PROBLEM: An exact copy of the data is needed, one that excludes all pictures.

*** DATASET EXTRACT Section Begins ***

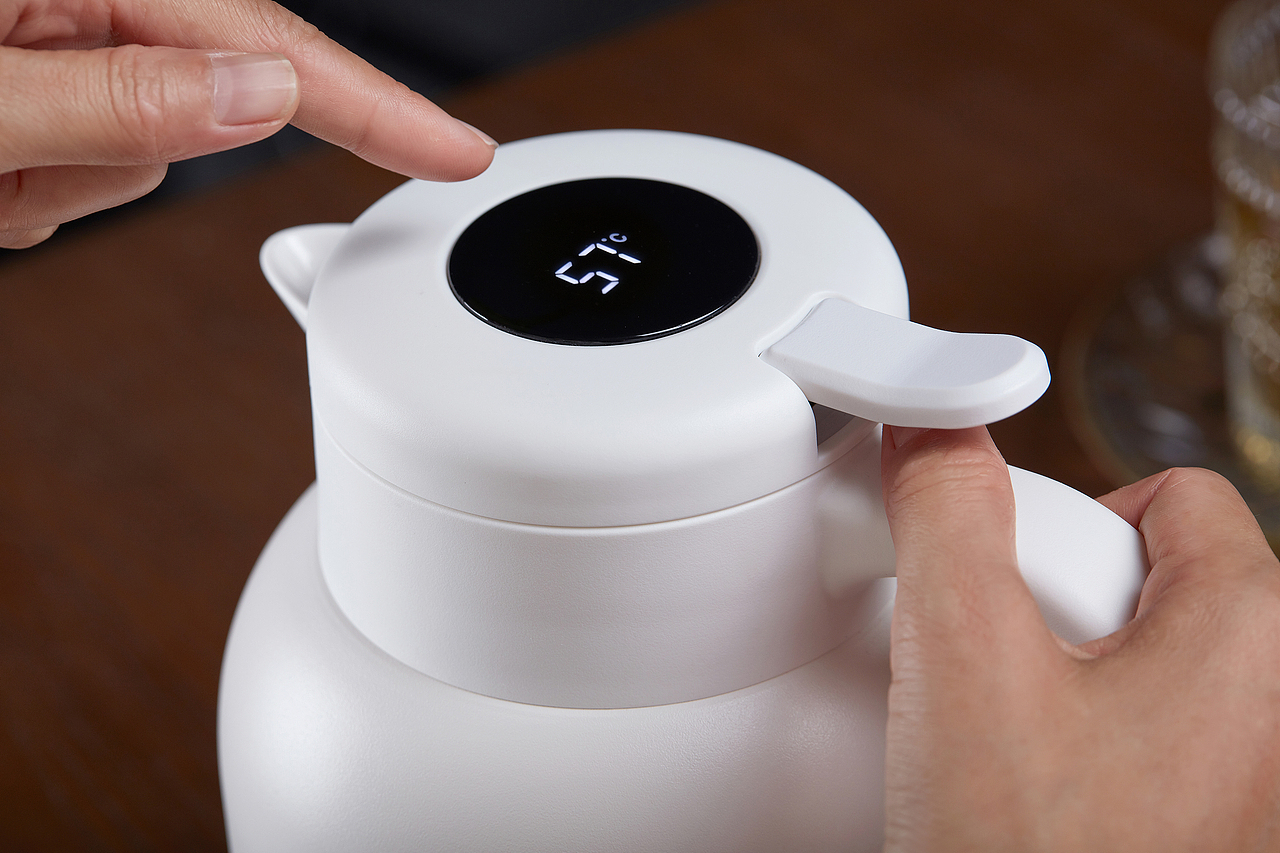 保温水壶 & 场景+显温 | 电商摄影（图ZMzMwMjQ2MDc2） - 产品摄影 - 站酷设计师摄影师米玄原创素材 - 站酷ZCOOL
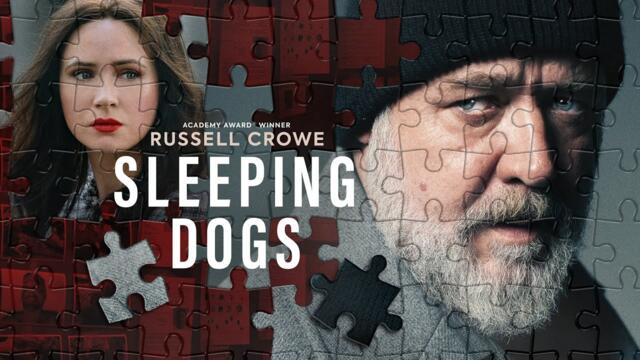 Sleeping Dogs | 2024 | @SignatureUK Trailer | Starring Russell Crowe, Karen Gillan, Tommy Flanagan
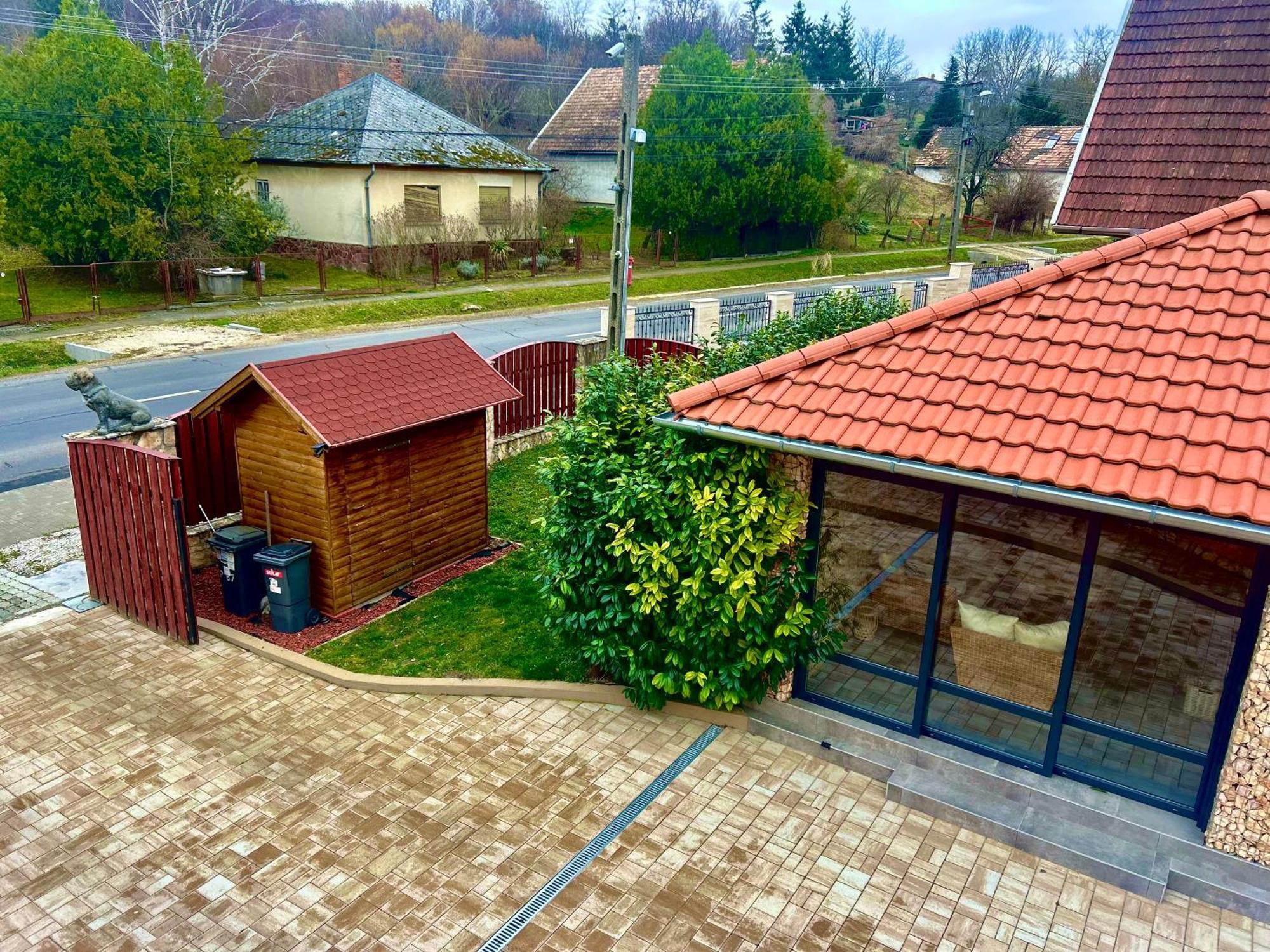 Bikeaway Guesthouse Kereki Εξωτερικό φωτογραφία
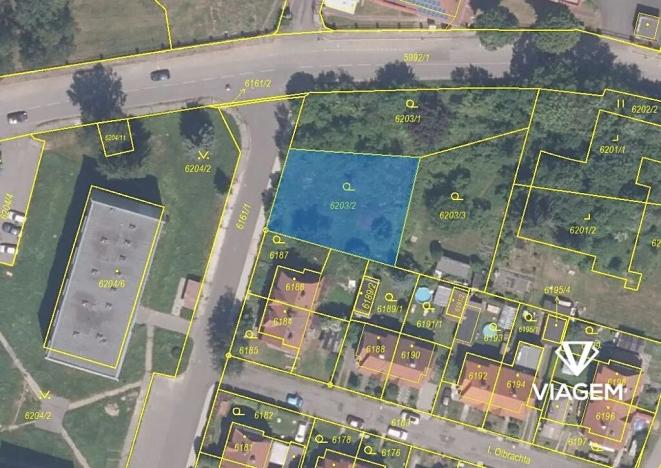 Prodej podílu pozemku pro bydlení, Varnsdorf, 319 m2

*** DATASET EXTRACT Section Ends ***

RESPONSE AREA:
 保温水壶 & 场景+显温 | 电商摄影（图ZMzMwMjQ2MDc2） - 产品摄影 - 站酷设计师摄影师米玄原创素材 - 站酷ZCOOL
 Sleeping Dogs | 2024 | @SignatureUK Trailer | Starring Russell Crowe, Karen Gillan, Tommy Flanagan
 Bikeaway Guesthouse Kereki Εξωτερικό φωτογραφία
 Prodej podílu pozemku pro bydlení, Varnsdorf, 319 m2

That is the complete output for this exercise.